* **Problem details**: Omit every picture while repeating the entries exactly.
[[ Provided records, beginning ]]
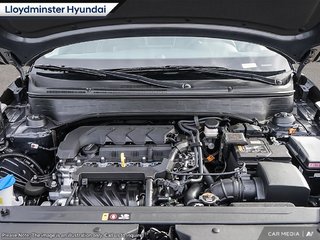 2025 Hyundai Venue Ultimate in Lloydminster, Saskatchewan - 6 - w320h240px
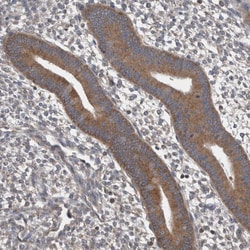Invitrogen DDX6 Polyclonal Antibody 100 &mu;L; Unconjugated:Antibodies,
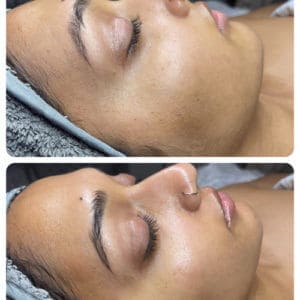 Luminous Signature Facial with Dermaplaning | Luminous Skin Care Studio in Santa Clara, CA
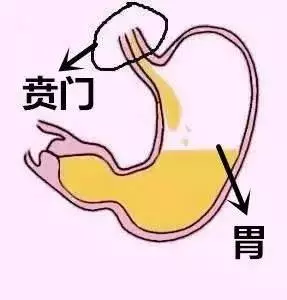 她得了怪病,很餓卻吃不下……醫生:發病率僅十萬分之一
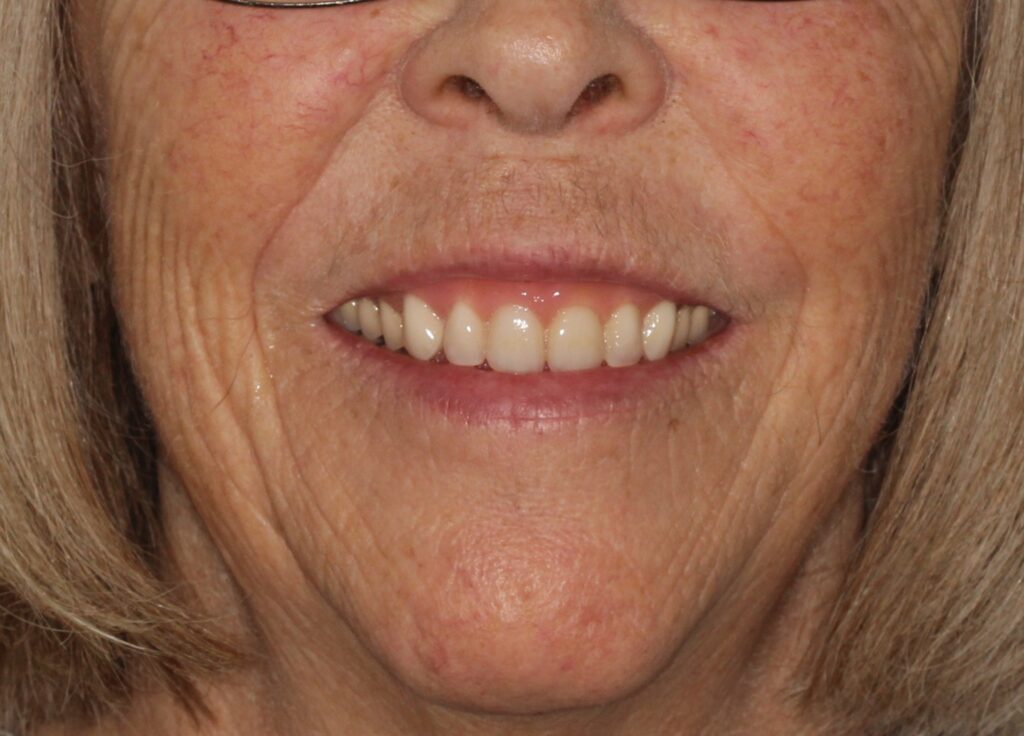after implant dentures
[[ Provided records, end ]]
* **Result**:
 2025 Hyundai Venue Ultimate in Lloydminster, Saskatchewan - 6 - w320h240px
Invitrogen DDX6 Polyclonal Antibody 100 &mu;L; Unconjugated:Antibodies,
 Luminous Signature Facial with Dermaplaning | Luminous Skin Care Studio in Santa Clara, CA
 她得了怪病,很餓卻吃不下……醫生:發病率僅十萬分之一
after implant dentures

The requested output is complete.